A Warrick County woman who uses a wheelchair and was unable to attend her son’s school Christmas concert two years in a row lost her argument of discrimination under the Americans with Disabilities Act after it was determined the concert was not provided by the school corporation.
Mycal Ashby has transverse myelitis, a condition that renders her paralyzed from the chest down. She cannot stand or walk and relies on a motorized wheelchair for mobility. Ashby’s son attended Loge Elementary School in Boonville and participated in an extracurricular choir offered by the school during the 2014 and 2015 school years.
Both years, the choir performed a Christmas concert at the Warrick County Museum, a building with no elevator or ramp for wheelchair accessibility. In 2014, upon arriving for the concert with her husband and son, Ashby realized there was no access and could not enter the building.
The following year, arrangements were made to install an elevator at the museum in time for the 2015 Christmas concert. However, despite the assurances that she had received that she would be able to get in the building, the concert was inaccessible to Ashby as no elevator had been installed.
Ashby, represented by the American Civil Liberties Union of Indiana, filed a federal discrimination suit. She sought compensatory damages for intentional disability discrimination under Title II of the ADA and Section 504 of the Rehabilitation Act, alleging that the Warrick School Corporation had violated both statutes by allowing the choir to perform at a building that was inaccessible to persons with disabilities.
Both parties filed for summary judgment, and the district court ultimately ruled in favor of the school corporation when it found that the concert was not an activity “of” the school corporation.
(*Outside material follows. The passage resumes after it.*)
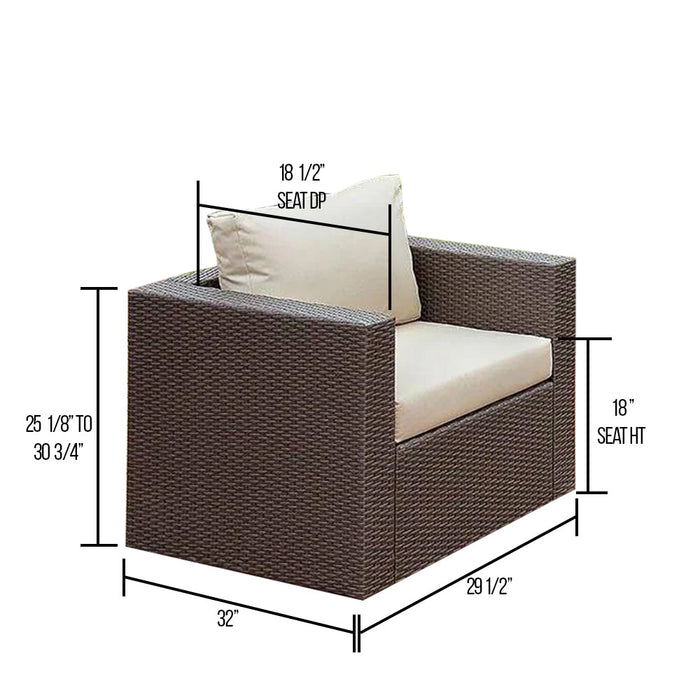 AD301-AC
The 7th Circuit Court of Appeals similarly affirmed the district court’s decision in Mycal L. Ashby v. Warrick County School Corp., 18-1371.
Based on an amicus brief filed by the Department of Justice per request, the 7th Circuit found that there was a “loose framework” to work with in making its decision. It looked to a spectrum provided by the Department for its answer, resolving that “the public entity does not engage in a joint endeavor with the private entity, but instead participates in an event of the private entity.”
“Having undertaken such an examination, we agree with our colleague in the district court that there is no dispute about a material issue of fact. It is also clear, even when we construe those facts in the light most favorable to Ms. Ashby, that the event was part of the museum’s own programming,” Judge Kenneth Ripple wrote for the court.
“Here, the district court properly understood the statutory and regulatory command and properly determined that the event, organized, sponsored, and maintained by the private museum, was not subject to the strictures of the statutes,” Ripple continued. “The children of the School Corporation participated solely as the invitees of the museum. Accordingly, the judgment of the district court must be affirmed.”